The question is plaintive, but it is also potent proof that Lacson has a skewed sense of justice.
Concern for the wellbeing of others, especially dependents like Lacson’s Senate staff, is a natural, human quality. That is not what we find objectionable in Lacson’s statement, or in his elaborate attempt to justify his flight from justice. It is the deficient sense of consequence, the readiness to blame everyone else but one’s self, that we find galling. “Why did they have to be dragged into this?” He was referring to the decision to close down his Senate office and the effort, in the words of the Inquirer news report, to “supposedly cut the salary of his staffers because he could not sign the paperwork.”
But shouldn’t the office of a senator in fact be shut down, his staff told to go home, when the senator goes into hiding? That, it seems clear to us, is merely the direct consequence of the decision to run from the law.

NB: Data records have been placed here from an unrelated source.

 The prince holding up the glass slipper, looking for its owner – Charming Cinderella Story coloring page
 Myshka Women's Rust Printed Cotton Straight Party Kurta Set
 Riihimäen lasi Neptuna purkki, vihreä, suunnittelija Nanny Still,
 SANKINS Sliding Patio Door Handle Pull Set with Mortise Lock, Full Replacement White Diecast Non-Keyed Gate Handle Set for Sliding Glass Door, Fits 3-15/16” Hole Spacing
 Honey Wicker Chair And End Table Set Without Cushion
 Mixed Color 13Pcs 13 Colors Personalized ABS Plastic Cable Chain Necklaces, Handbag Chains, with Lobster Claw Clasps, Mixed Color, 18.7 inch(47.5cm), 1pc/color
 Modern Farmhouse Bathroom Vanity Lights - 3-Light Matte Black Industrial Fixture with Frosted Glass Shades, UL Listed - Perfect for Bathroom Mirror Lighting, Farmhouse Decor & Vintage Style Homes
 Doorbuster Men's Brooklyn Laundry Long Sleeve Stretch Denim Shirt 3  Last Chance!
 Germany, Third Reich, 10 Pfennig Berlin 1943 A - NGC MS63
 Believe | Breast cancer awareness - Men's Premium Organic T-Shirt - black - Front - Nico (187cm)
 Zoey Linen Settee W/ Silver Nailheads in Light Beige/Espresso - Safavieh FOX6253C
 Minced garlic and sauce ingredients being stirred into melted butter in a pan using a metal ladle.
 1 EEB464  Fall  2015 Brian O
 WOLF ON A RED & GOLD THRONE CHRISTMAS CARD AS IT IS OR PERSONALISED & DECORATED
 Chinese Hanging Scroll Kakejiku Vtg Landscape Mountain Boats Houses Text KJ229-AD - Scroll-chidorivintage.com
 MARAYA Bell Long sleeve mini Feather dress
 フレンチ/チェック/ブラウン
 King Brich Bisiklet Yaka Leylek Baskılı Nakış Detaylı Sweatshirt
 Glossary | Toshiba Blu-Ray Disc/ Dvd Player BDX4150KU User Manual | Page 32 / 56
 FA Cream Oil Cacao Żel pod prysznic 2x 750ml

But Lacson does not only assume that his office ought to have continued operating even while his own staff could not locate him; he also fails to recognize his own responsibility for his staff’s sorry situation. “Why did they have to be dragged into this?” The entire burden is placed on the shoulders of others.
Let us assume, for the sake of argument, that in the last months of the Arroyo administration a judiciary vulnerable to pressure resolved to bring Lacson to court for his alleged role in the double murder of publicist Salvador “Bubby” Dacer and his driver Emmanuel Corbito. Lacson fled the country in January last year, a month before the Manila Regional Trial Court issued a warrant for his arrest. Under Gloria Macapagal-Arroyo, his perceived political enemy, Lacson may have thought not only that the odds were stacked against him, but that the legal game itself was rigged. Even assuming all this, however, the objective conditions of Lacson’s legal struggle changed after Benigno Aquino III, the man Lacson supported for the presidency, came to power on June 30. At the very least, the prospect of Malacañang interference in the judicial process no longer existed. Why, then, did Lacson remain in hiding?
Because he wanted special treatment. His own answers during the first news conference he held after coming out of hiding revealed his real expectations inadvertently.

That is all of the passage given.